Et la brise qui chante autour des vérandas

Et fait bouger tout seuls berceuses et hamacs

Quand le soir fait pleurer à force de douceur !

La brise aux mains fragiles

Caresse les cheveux chantants des filaos.

L’opulente nature est si riche et si gaie

Qu’elle secoue et fait sonner le catalpa,

Et sous les vastes pas de la houle en voyage

À large bruit mourant la mer et son écume

Déroulent jusqu’au sable un tapis bleu cristal.

Et c’est la Martinique qui parle et qui raconte

Le voyage et l’élan des hautes caravelles,

La fétide aventure où le vent négrier

Poussait la chair aux Îles,

Et puis les belles dames,

L’ensorcellement des choses et des gens

Au pied du morne aux mille bambous,

Et c’est la Martinique qui chante ses amours

Et murmure à l’oreille du temps

Tous ses secrets

Pour qu’ils soient divulgués par l’alizé bavard.

Le jour s’étant lassé d’éparpiller ses feux

Se jette au lit sanglant de la mer assassine

Où le soleil achève de mourir.

Légions et myriades,

Insectes bruissants, déclenchez le concert

Immense, universel, subtil et crépitant

Dont par les nuits sans lune

Ou sous la lune bleue

Vous savez bercer l’Île

Jusqu’aux premiers rayons de la soudaine aurore.

Et que toute la cour du Puissant Belzébuth,

Que diables et diablesses,

Que zombis horrifiques, ombres invulnérables,

Que soucougnants (1) volants,

Que bêtes fantastiques

Et chevaux « engagés » (2) galopant sur trois pattes

Versent l’effroi au cœur des hommes !

Et chevaux dont le diable a fait un engin galopant sur trois pattes…

 

 

Les Îles

La Corse est toute droite,

Debout comme l’amphore au col mince.

Madagascar sur sa base chavire

Et se renverse en arrière,

Outre immense adossée.

La Martinique

Svelte et longue entre ses deux Océans

Se penche,

Faisant avec la Caravelle

Un geste d’aile,

Puis s’incline en avant,

Sans faillir, toutefois.

La Guadeloupe a la taille serrée

Par sa ceinture d’entre-deux-mers

Et jette en avant-garde pour se garder Les Saintes,

Marie-Galante pour se faire aimer

Et pour se faire désirer La Désirade.

Tahiti est une double goutte,

Ou c’est une boucle d’oreille

Égarée très loin, très loin, dans le Sud.

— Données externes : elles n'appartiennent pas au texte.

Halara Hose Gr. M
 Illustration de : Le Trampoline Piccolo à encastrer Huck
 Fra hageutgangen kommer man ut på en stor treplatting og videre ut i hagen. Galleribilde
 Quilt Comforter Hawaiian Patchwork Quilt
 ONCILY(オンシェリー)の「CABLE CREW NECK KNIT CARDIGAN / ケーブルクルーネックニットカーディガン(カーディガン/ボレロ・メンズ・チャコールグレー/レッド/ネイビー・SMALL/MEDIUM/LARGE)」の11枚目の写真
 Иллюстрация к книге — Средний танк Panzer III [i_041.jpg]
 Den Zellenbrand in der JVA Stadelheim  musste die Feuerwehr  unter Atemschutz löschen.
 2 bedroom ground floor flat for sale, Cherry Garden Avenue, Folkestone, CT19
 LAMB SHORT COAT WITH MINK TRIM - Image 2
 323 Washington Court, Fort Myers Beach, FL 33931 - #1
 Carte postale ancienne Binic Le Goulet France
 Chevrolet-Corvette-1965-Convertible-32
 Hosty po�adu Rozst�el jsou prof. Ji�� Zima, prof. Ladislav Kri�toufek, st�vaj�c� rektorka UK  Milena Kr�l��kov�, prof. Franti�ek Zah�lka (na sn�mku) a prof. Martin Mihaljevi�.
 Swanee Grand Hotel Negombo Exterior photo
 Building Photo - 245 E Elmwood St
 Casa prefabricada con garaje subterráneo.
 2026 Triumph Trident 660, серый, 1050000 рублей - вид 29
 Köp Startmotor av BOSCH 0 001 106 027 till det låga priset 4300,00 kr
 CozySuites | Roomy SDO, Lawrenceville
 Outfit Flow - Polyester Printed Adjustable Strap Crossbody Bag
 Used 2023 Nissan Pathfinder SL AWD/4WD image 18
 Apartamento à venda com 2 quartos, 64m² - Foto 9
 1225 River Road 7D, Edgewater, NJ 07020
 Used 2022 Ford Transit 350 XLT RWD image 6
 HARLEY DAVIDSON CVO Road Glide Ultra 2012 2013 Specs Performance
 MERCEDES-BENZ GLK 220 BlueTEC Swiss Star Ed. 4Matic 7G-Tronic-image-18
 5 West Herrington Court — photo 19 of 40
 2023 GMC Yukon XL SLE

Et c’est un gros pâté tout rond

Que dans l’Océan Indien nous offre,

Avec du café de Bourbon,

La Réunion.

 

 

Perspective

Plus je serai distrait

Plus mes poèmes seront beaux

Et quand je serai totalement braque

Lorsque j’oublierai ma tête dans le métro

Et mes godillots dans la baignoire

À moitié vide

Alors mes vers feront éclater le papier

En petits morceaux

Qui seront des confettis sublimes

Tombant en neige bénéfique

Sur les générations et les semis

De petits Pois

De la Patagonie à la rue Quincan-idem-

C’est-à-dire Quincampoix

En passant par le Détroit de Gibraltar

À marée basse et à pied sec.

Merci et Amen.

 

 

(1)  Note de l’auteur (N.D.A.) : Soucougnans : Sorciers qui accrochent leur peau à un clou derrière leur porte avant de voyager la nuit en volant dans les airs. In Fables créoles et autres écrits, lexique (établi par Gilbert Gratiant), Stock, 1996, page 720.

(2)  Note de l’éditrice (N.I.G.) : Engagé, n. : Qui a vendu son âme au diable. In Dictionnaire du français régional des Antilles, Sylviane Telchid, Éditions Bonneton, 1997, p. 73.